Holiday Window Gazing- Breeze, Bluster, Flurry (334)

These leaves were a message sent from someplace- someplace that recognized I needed a connection. A tether, to allow myself to pull closer to the now. When we feel lost and tossed about, it is a lifeline we need. A presentation of hope. A thread we have to accept and use. For no one can bring us back into the fold but ourselves.


I hardly ever stare out a window for an extended period of time. I always see in movies how people do that- gaze at a skyline or beautiful landscape lovingly- pondering their plight or relationships. Generally its snowing outside, they are sitting in a window sill, hot tea in hand. 
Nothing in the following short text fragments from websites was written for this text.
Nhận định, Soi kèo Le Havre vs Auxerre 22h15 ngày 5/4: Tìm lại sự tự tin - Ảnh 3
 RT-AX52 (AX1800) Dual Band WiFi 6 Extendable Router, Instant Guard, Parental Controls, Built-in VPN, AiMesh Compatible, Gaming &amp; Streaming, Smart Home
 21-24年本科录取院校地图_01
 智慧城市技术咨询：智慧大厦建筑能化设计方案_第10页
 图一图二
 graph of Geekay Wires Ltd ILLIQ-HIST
It is a staple in the myriad of holiday films flooding the television waves as of late. Windows, landscape, quiet reflective music = epiphany. It seems hokey but it works.

I do not have a plight- nothing horrible has happened to me personally. I am working through the same tribulations everyone else is. But, I feel a bit lost as of late. I guess I do not feel sad or angry- just lost. Today I stared out my front window, into the street and there was this pile of leaves. I guess a pile is a heavy word, for a light gathering, but nonetheless, it was a pile that became a layer, and then a few. 

The chilly, brisk breeze was tossing them about the concrete. The larger ones scattering, ending up in nearby yards. The medium and small leaves hanging on tight to the formation. Each updraft swirling them and then allowing them to fall gently into a semicircle. 

Almost on cue, every minute or so a dust devil whirled them aloft and a bluster knocked them down again. It was calming to say the least- just watching, window gazing.

Then a truck turned the corner and knocked them into the gutter. I thought my morning gaze was over, but just then a gentle nudge, whether from breeze or momentum, I will never know- slid them back into their position and the cycle began again. 

Medium brown and small red and yellow leaves kicked themselves up and down again, until they fell gently into a semicircle. Sometimes landing upright, others faces down. Dull and then shiny exteriors switching on and off like blinking holiday lights.

I felt like this mental excursion was only a few minutes. But when my hot tea arrived, I looked over at the clock and thirty minutes had passed. I had been lured into natures story for half an hour. I shook off the restlessness and went about my morning activities. 

Then I decided to rest again, same spot, looking to see if the leaves had regained their acrobatic display but the street was empty. The gutter was empty. I felt a ping of sadness. Strange, I thought my instinct to miss these leaves, to miss that moment of gaze.

Just as I accepted my loss, my ten year old opened the door. A whoosh of damp, cold air, flooded in. My hair tickled by the message of fall. He ran into the yard, "Its chilly out here, it feels like winter." As I went to the porch to test the resolve of the autumn westerlies, I felt a scrap on my ankle. I looked down and a few brown, red and yellow leaves settled themselves atop my feet. Attaching themselves to my thick, winter socks. 

Five of them in fact. 

The last five, I believe, I had seen dancing together in the breeze, bluster, dust devil of yore. Having felt my longing, they found their way yo my yard, to my porch and the breeze knocked them into my orbit. 

These moments we allow ourselves, to just stare out a window are important. Letting our mind wander and our visual input, attach itself to leaves being tossed about in the street- can be a graceful opener to our day. 

I have a new found appreciation for the holiday movie window gaze- in fact I have decided to adopt it as part of my daily meditation. I think that emptying ones mind to the sounds and acts of nature and thought is so important. I just tend to do it with eyes shut and quiet. Today I learned that nature wants to be a part of it- needs to be apart of it.

And the leaves....they are a gift you see from nature. For even indoors she remembers to say hello. She remembers to tap us on the shoulder and say look outside- we are all in this together.